Having drawn a blank in Sydney, the tourists at least managed a couple of tries in a second half wrecked by the nonsense of uncontested scrums resulting from injuries to both English props. George Chuter, the grittily combative Leicester hooker, scored the first in the opening minutes of the period, dummying past an embarrassed Mat Rogers after Sam Cordingley, the Wallaby scrum-half, had dropped George Smith neck-deep in the mire with a poor pass from the base of a ruck. The second fell to Tom Varndell, one of Chuter's fellow Welford Roaders, who suffered the savaging of his young life at the hands of Lote Tuqiri but kept his cool sufficiently to capitalise on a solo break from Nick Walshe in the fifth minute of stoppage time.

But, in truth, there was little to recommend this England performance. Chris Jones, the freakishly rapid lock forward from Sale, played a blinder on his re-introduction to the team, and there was a decent contribution from his second-row partner Ben Kay, the one member of the World Cup-winning starting line-up on view. Peter Richards, the new scrum-half, had the better of Cordingley and mixed it energetically with George Gregan, who came off the Wallaby bench to win a record 120th Test cap, but his decision-making was almost as ragged as his distribution.
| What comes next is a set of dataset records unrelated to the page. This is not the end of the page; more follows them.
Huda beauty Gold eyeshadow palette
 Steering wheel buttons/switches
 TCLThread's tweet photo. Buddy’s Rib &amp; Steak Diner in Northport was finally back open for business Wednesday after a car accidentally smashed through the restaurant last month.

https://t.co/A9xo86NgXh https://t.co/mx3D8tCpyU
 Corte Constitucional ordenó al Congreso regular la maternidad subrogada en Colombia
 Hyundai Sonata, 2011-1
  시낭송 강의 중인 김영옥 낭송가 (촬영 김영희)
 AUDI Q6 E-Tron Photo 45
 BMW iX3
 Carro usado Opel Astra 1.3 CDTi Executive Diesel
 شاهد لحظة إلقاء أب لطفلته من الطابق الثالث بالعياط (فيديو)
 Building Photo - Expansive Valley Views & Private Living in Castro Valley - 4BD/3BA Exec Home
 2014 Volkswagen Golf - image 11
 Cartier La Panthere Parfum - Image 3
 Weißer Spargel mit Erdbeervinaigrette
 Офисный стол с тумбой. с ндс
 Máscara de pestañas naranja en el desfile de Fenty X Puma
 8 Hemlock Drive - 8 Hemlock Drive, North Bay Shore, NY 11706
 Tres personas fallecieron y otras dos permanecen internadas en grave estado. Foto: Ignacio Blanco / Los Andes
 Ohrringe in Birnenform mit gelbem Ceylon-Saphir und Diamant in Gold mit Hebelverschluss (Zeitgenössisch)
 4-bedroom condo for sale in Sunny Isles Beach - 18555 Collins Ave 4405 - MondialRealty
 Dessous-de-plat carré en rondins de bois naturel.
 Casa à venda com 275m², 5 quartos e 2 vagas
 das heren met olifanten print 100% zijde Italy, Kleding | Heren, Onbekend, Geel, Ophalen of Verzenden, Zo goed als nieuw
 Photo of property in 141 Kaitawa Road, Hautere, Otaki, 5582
Andy Robinson, the head coach, was forced into making a late change when Lewis Moody, a flanker in whom he places enormous faith, withdrew with a strained calf muscle. Robinson might have given the promising Lund an immediate recall; instead, he whistled up the Bath flanker Michael Lipman from the back end of beyond. Lipman started brightly, but he was no match for the remarkable Smith, who claimed the Wallabies' opening try by hoovering up a ricocheting ball in the England 22 as early as the sixth minute.

When Mark Gerrard beat the flummoxed Tait to Stephen Larkham's beautifully flighted cross-kick eight minutes later, the Wallabies looked more dangerous than at any point in Sydney. Fortunately for England, their hosts could barely win a line-out. Jones and Kay made an unholy mess of their opponents, to the point that Adam Freier, the Australian hooker, would have found it easier to find Lord Lucan than locate his jumpers. Andy Goode, the Leicester outside-half, kicked a penalty from right field to add to his fourth-minute drop goal, and it was not until first-half injury time that the home side opened up a serious advantage.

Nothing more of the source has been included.